What this task involves =
With pictures left out, only the lines from the one containing "1FMCU0GD4JUA58709 2018 FORD" through the end of the records should be reproduced exactly, please.

Materials provided =
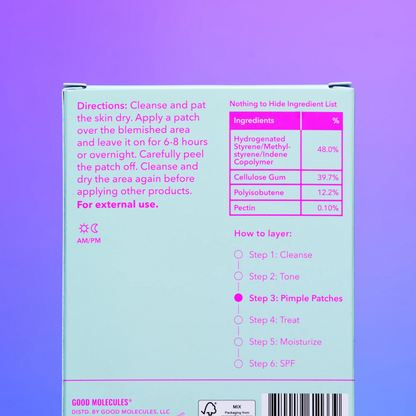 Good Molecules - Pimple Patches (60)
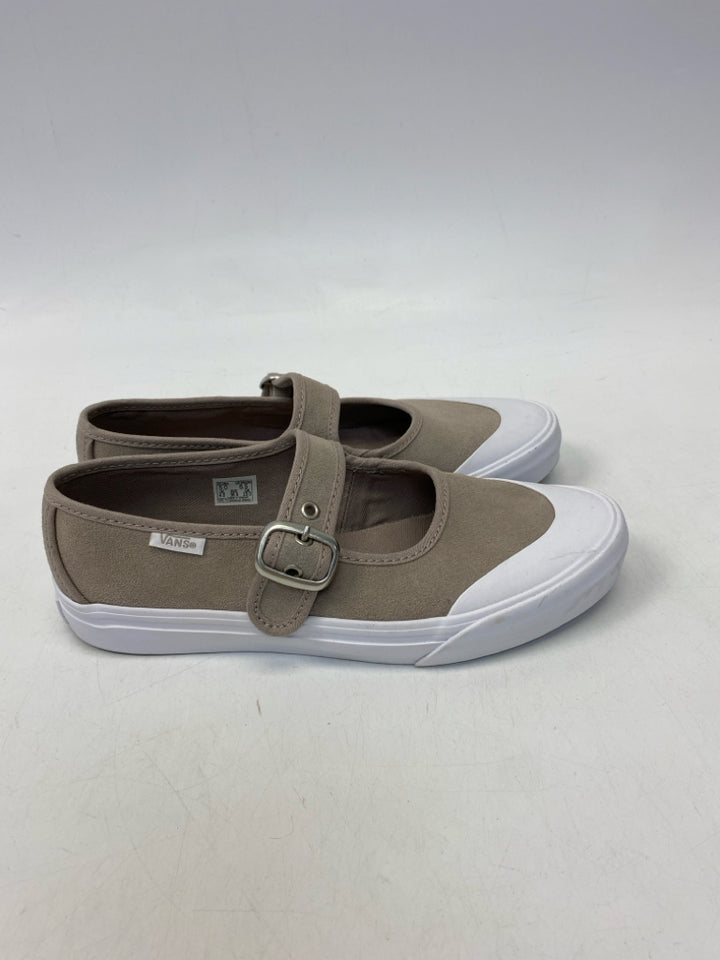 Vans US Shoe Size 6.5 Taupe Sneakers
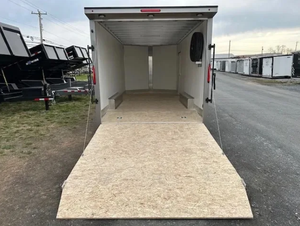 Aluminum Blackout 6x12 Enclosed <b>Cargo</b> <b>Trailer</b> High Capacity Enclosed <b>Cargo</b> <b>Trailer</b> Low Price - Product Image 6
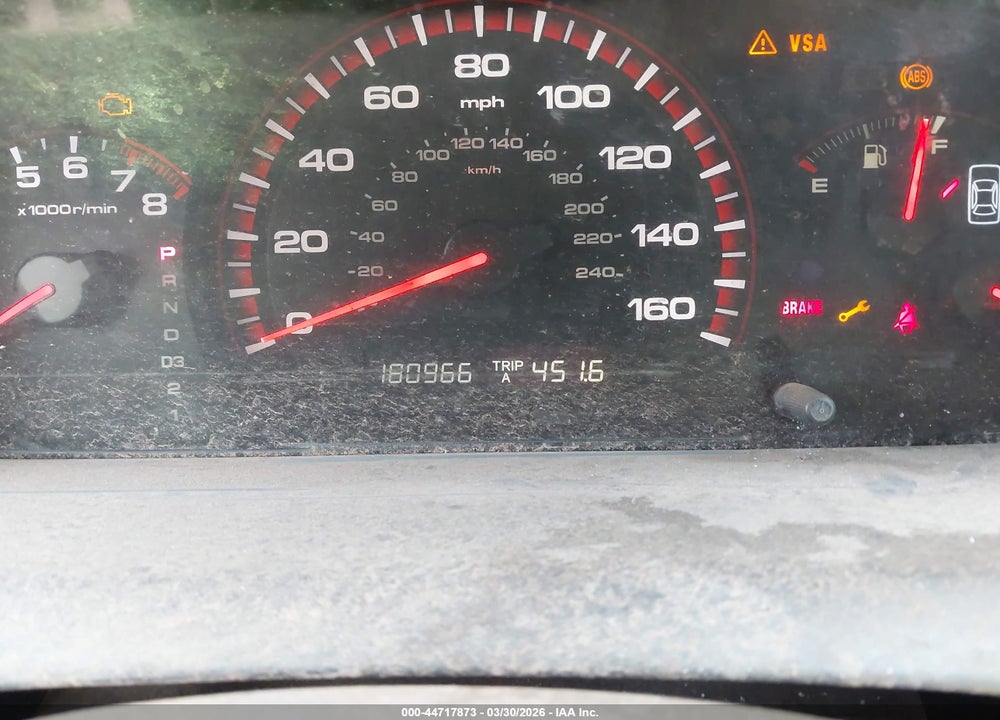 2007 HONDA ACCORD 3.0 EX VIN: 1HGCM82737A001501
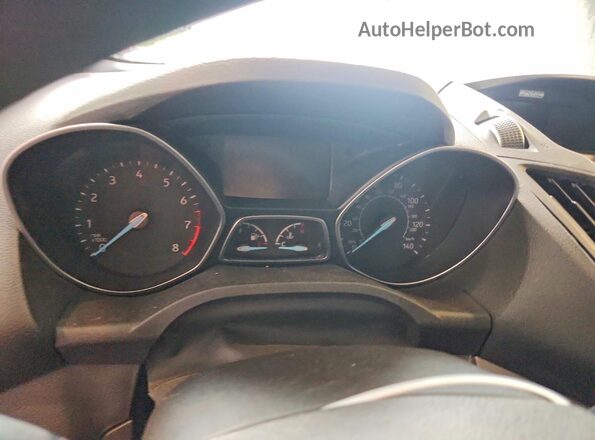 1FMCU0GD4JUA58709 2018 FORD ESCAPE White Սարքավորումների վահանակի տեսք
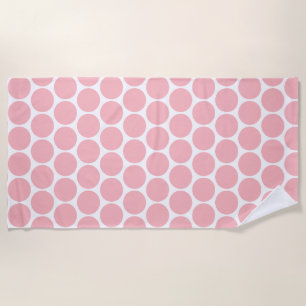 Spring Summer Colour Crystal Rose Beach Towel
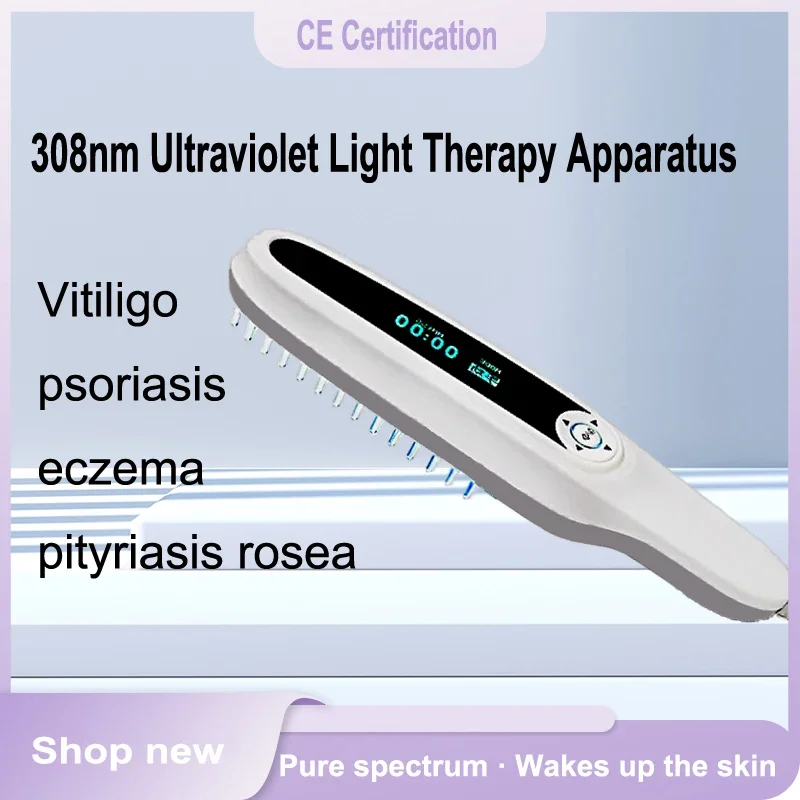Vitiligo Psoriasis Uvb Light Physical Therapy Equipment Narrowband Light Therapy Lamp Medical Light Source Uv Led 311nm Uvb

Your solution =
 1FMCU0GD4JUA58709 2018 FORD ESCAPE White Սարքավորումների վահանակի տեսք
 Spring Summer Colour Crystal Rose Beach Towel
Vitiligo Psoriasis Uvb Light Physical Therapy Equipment Narrowband Light Therapy Lamp Medical Light Source Uv Led 311nm Uvb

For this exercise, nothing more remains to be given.